La ricerca ha chiarito che infiammazione e neurodegenerazione partono insieme, fin dalle fasi iniziali. Non c’è solo l’attacco del sistema immunitario che arriva da fuori: anche le cellule residenti nel cervello, come la microglia, alimentano il processo. Da qui la scelta di partire subito con farmaci “forti”. “Usare terapie ad alta efficacia all’esordio piega la curva della disabilità”, dice Filippi. “Non parliamo ancora di guarigione, ma di garantire decenni di vita attiva”.
I numeri lo confermano. “Con i farmaci ad alta efficacia riduciamo ricadute e nuove lesioni alla risonanza di circa il 90%”, sottolinea il professor Nicola De Stefano, Presidente Eletto SIN. Sono molecole che spengono l’infiammazione, principale causa del danno acuto. Restano più indietro le terapie contro la neurodegenerazione pura. “Non abbiamo ancora farmaci che agiscono direttamente sui neuroni che degenerano”, ammette De Stefano, “ma abbattere l’infiammazione e protegge anche nel lungo termine”. La chiave è scegliere bene: “Non dare a tutti la terapia più potente, ma dare a ciascuno quella giusta in base al rischio. Oggi abbiamo gli strumenti per stratificare i pazienti”.
È la direzione indicata dal *professor Claudio Gasperini, Vice Presidente SIN: “Conosciamo meglio i meccanismi della malattia e come funzionano i farmaci. Possiamo incrociare clinica, imaging e biomarcatori come i neurofilamenti per capire chi rischia di peggiorare e personalizzare la cura”.
Ma la gestione non è solo pillole o infusioni. “Per anni si sconsigliava lo sport ai malati. Oggi sappiamo che l’esercizio fisico stimola la neuroplasticità: il cervello crea nuove connessioni e compensa il danno”, spiega Gasperini. L’attività fisica non spegne l’infiammazione, ma rende il sistema nervoso più resistente. Cadono anche altri tabù: “Si diceva di evitare il sole. In realtà livelli adeguati di vitamina D sono protettivi nella SM”.
Il messaggio ai pazienti è chiaro. “Be active”, dice De Stefano. “La malattia può durare tutta la vita, ma non deve definirti. Oggi si lavora, si fa sport, si diventa genitori”.
Per il presidente SIN, professor Mario Zappia la sfida ora è di sistema: “La neurologia ha strumenti impensabili fino a ieri. Dobbiamo rendere l’innovazione accessibile a tutti, in modo omogeneo sul territorio. La SM dimostra quanto la ricerca cambi il destino delle persone. Servono investimenti in ricerca clinica, reti specialistiche e presa in carico multidisciplinare. L’innovazione utile è quella che diventa qualità di vita reale, con equità ed efficienza per il SSN”.
Cosa cambia per il paziente, in breve:

  1. Diagnosi in 30 giorni con RM avanzata + biomarcatori.

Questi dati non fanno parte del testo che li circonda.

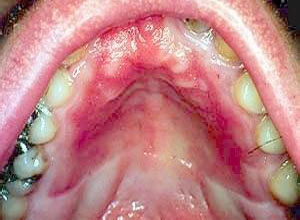 口腔念珠菌感染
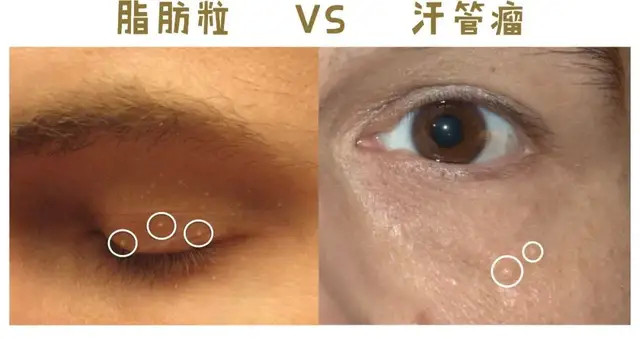 "未来医生科普"脂肪粒的锅到底应不应该眼霜来背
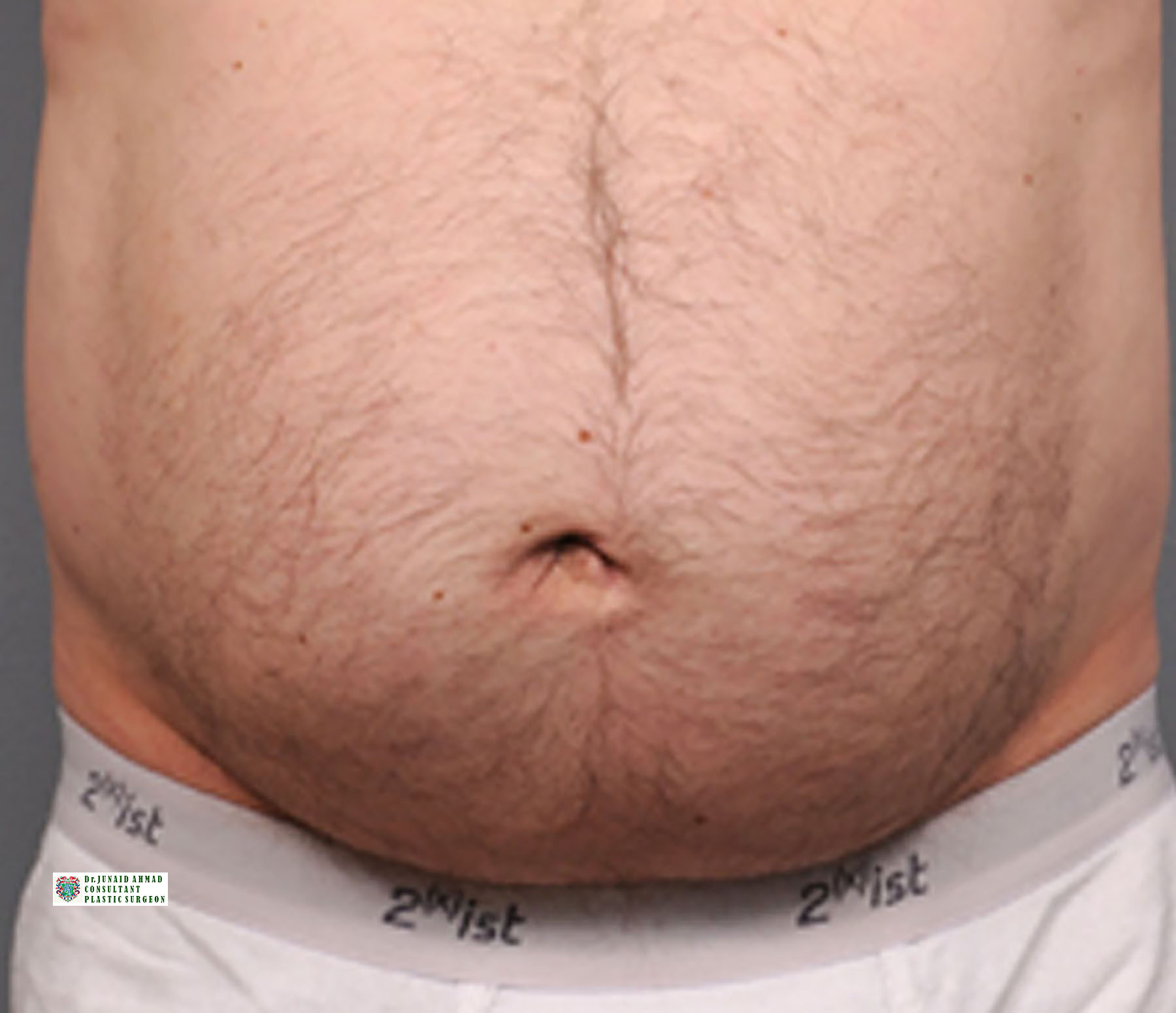 Follow Ups of Cosmetic Hernia Plastic Surgery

  2. Terapie ad alta efficacia subito nei pazienti a rischio: crollano ricadute e nuove lesioni.
  3. Approccio personalizzato: farmaci scelti su profilo clinico e biologico.
  4. Stile di vita conta: sport, vitamina D e attività cognitive potenziano la neuroplasticità.
  5. Obiettivo: autonomia e progettualità, non solo “controllo delle ricadute”.